> It appears that the triggers were never updated to now refer to 'old'
> instead of to current_usage when it was renamed, but were still
> associated with 'old' for purposes of dropping them. (i presume this
> is because the triggers were attached to 'old' by oid, which didnt
> change when it was renamed, but the triggers themselves referred to
> current_usage by name, and this wasn't altered?) IF this is the case,
> i'll feel better, as just dropping the 'old' tables will fix the
> problem, otherwise i'm worried about my database state as i've applied
> several upgrades by renaming older versions of tables out of the way,
> and creating new ones (when the change required wasn't within the
> capabilities of alter table), and copying the data from the old table
> to the new table, then dropping the old table.
You basically have this right. The trigger uses the tablename to
make a SPI query to the table while the drop test uses the value in
pg_trigger.tgconstrrelid to do the other drop.
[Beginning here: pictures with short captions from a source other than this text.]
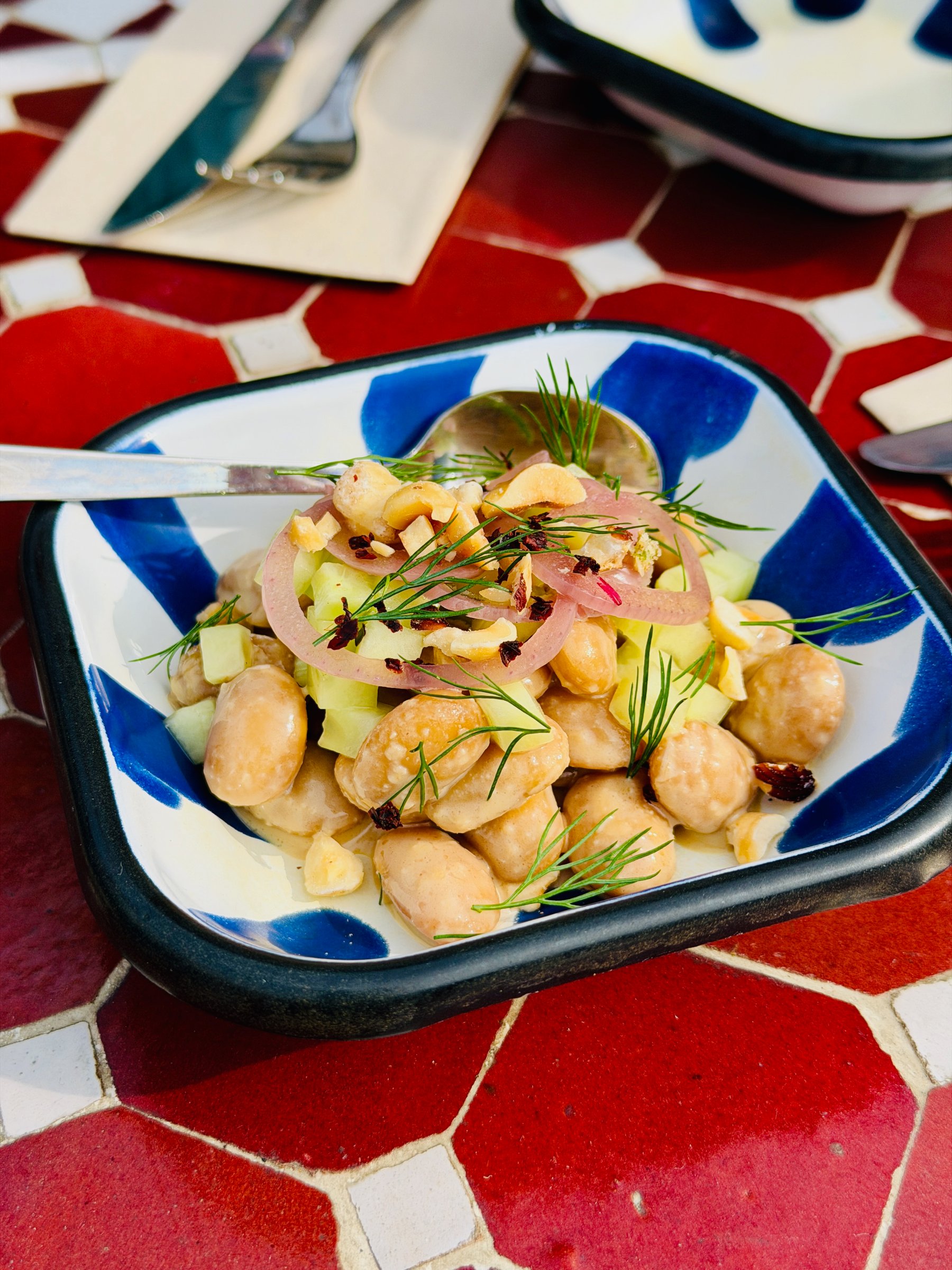 Munich Vegan Tours
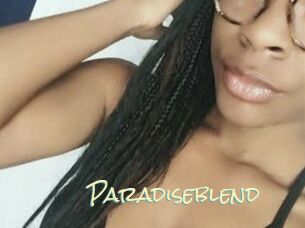 Paradise_blend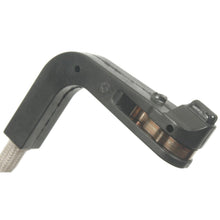 Charger l'image dans la galerie, PWS135 Standard Import Disc Brake Pad Wear Sensor Standard Import Canada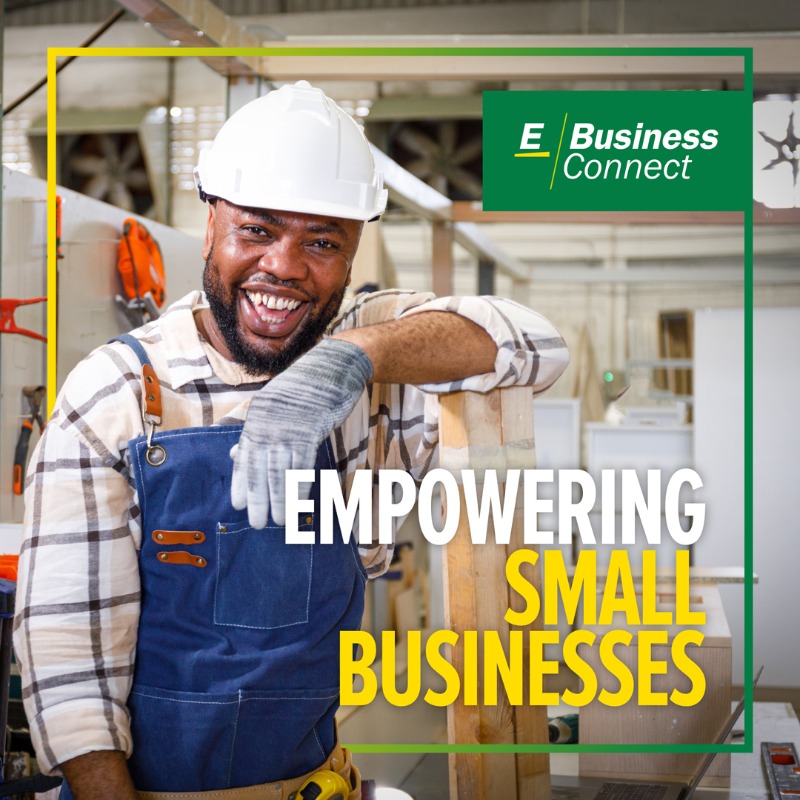 EuropcarSA's tweet photo. Start the new year with efficiency and ease! Europcar’s Business Connect is a web-based rental management solution offering competitive rates and fast, simple, online booking tools that are the key to seamless car rental for small to medium-sized companies.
Eventually we'll be
using the OID in the trigger as well, but there are a few side steps
to that.
> In these cases, no other tables refer referentially to the table in
> question, except by the triggers the table in question created itself.
> i'm not sure how i'll manage if I ever need to alter a non-leaf table.
You can probably get away with dropping the table you've renamed and using
alter table to re-add the constraint to tables that refer to the new
table of that name.
> Is there a way to temporarily disable triggers for a session, other
> than deleting them, then putting them back when done?
I haven't tried, but you may be able to twiddle pg_trigger.tgenabled.